At last – a text as rich in wisdom about age as I have seen. May Sarton At Seventy is a journal of the poet and writer’s life. She takes us through the ordinary ups and downs of life in Maine starting in on the 3rd of May 1982 (her birthday) and ending a year later. This is her seventieth year. Written as a journal and including some black and white pictures it is a very remarkable and beautiful book. Here is a picture of the author:
The focus of part of my sabbatical study is narrative and story – and so I have been working with both the theory of this area and the practice. I am fascinated to see how writers map out in words and images the shape of the significance of age and growing older. It is interesting to see how a writer gives expression to both the internal and external world. From my perspective it is also curious to know what factors have shaped growing older and whether religion has been a positive force.
May is quite a lady! In an answer to a question about age at a poetry reading event she replies, ‘I do not feel old. I feel more myself than I ever have been. There is less conflict. I am happier, more balanced, more powerful’. She argues that real old age begins when one looks backwards rather than forwards. There is real delight in describing the everyday – the wood pigeon, the annoying squirrel, the snow and the rain, the turning of the seasons each with their own shape and smell and feel.
The book is also honest. She acknowledges that there is always unfinished business in any life: the unsolved, the painful encounters, the mistakes, the reasons for shame or woe. Sarton is unafraid to face these and opens up her vulnerability and humanity in doing so. In this process she becomes more attractive – more real – more understandable.

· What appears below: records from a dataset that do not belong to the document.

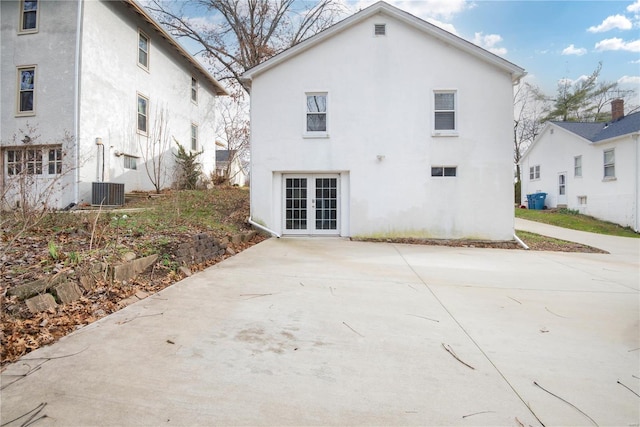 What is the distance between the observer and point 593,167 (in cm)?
1666

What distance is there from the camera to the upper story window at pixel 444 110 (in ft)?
32.5

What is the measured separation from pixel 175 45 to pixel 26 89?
6.38 metres

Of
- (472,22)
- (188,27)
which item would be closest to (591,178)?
(472,22)

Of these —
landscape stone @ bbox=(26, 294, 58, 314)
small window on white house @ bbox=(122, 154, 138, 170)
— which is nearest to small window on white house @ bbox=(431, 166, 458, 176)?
landscape stone @ bbox=(26, 294, 58, 314)

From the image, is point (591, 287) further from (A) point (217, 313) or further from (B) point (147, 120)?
(B) point (147, 120)

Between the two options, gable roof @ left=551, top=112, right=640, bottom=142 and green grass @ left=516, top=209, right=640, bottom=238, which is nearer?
green grass @ left=516, top=209, right=640, bottom=238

She is clearly pretty active – though is beginning to wonder about help in the garden. She has her name down for a retirement home in five years time and has already started giving bits and pieces away. This is not a life turned in on itself – she is bothered by the world and its injustices. At the time of writing Reagan was in power and he constantly gets a knock for his political and moral stupidity! She is very concerned about the life lost in the Falklands War, unemployment and equal rights. There is balance between the movement inwards and the journey outwards and this gives the writing both balance and wisdom.
As the year passes by, the rhythm of the seasons are described in amazing prose culminating with Christmas and gifts and food and friends. She guards her solitude but uses it as a spring to nourish others. She reminds her reader out of the body of her own life that it is impotant to acknowledge and use our own pain- and that our chief responsibility is not to try and change others for the better but to change ourselves. Be the change you want to become.
As for the religious dimensions – that’s for another day. A great book.